Traducción de Paloma Navarro

Cátedra, Letras Universales 132  


Desde que Marco Polo volvió a la república de Venecia con aquella serie de noticias irresponsablemente fantásticas sobre las regiones por las que había viajado durante años China padece de irrealidad. Los atlas y las enciclopedias historian en vano su vasta geografía y sus dinastías numerosas. Esa misma vastedad que insensatas construcciones defensivas confirman, una desmesurada dedicación a  las ceremonias, los secretos y las jerarquías vertiginosas y una literatura que integra lo maravilloso con la naturalidad de una convivencia milenaria y gustosa han conjurado para enriquecer los primeros informes asombrados de Marco Polo y han apartado a China para siempre de la esfera de lo posible. Una parte de la literatura occidental ha sabido profundizar en esa tradición y hacer de China uno de los símbolos más acabados y sugestivos de lo irreal. La pieza maestra de esa literatura sigue siendo el cuento más kafkiano pero menos leído de Franz Kafka: La construcción de la muralla china. Este cuento de Eça de Queirós es, de alguna manera, su borrador. Anticipa el sabor peculiar de esas inquietantes fantasías de la conducta que Franz Kafka exploraría muchos años después, pero la escenografía es encantadoramente decimonónica. Todo parece sacado de los poemas más amueblados de Charles Baudelaire.

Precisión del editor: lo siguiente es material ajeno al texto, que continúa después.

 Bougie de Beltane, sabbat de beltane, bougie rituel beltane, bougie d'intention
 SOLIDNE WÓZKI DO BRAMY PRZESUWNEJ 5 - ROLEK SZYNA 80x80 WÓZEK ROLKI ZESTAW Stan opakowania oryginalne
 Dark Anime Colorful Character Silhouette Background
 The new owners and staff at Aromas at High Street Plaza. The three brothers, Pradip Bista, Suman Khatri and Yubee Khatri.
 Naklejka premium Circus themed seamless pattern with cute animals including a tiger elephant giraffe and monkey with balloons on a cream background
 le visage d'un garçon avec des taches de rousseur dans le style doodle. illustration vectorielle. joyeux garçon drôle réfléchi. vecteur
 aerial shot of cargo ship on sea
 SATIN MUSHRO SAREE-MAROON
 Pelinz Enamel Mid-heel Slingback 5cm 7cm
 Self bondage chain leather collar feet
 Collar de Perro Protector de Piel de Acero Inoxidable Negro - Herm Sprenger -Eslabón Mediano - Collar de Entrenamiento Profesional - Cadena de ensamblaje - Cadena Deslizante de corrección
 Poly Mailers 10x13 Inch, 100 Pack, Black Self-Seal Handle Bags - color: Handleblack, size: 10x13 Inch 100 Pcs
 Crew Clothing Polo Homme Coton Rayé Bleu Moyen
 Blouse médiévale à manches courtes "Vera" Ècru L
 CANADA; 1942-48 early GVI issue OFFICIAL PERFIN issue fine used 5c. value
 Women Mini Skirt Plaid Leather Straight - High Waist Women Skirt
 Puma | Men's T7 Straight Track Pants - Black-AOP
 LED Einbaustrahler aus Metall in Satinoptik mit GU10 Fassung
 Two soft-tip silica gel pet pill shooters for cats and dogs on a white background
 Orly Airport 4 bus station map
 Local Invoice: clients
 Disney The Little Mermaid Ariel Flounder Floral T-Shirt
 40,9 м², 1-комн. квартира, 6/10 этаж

Sin embargo, esta patética aventura de un funcionario portugués que desde el centro de Lisboa da muerte a un remoto mandarín  que dedica sus días finales a la construcción de cometas inocentes en su quiosco del centro de la China merece ser recuperada no sólo como una mera profecía de los cuentos de Franz Kafka sino como uno de los mejores cuentos de la literatura fantástica. Por su imaginación desbordante, por la cuidada elegancia de su estilo y  por sus conmovedores aciertos circunstanciales. Aquel, por ejemplo, en que el protagonista, ya millonario hiperbólico y en pleno spleen, regresa furtivamente a una cámara apartada de su palacio amarillo para recuperar durante unos instantes de alivio aquella caligrafía minuciosa en la que tanta pasión ponía cuando era funcionario y en una oscura pensión de la Concepción pasaba las tardes entre libros viejos y viudas de comandante.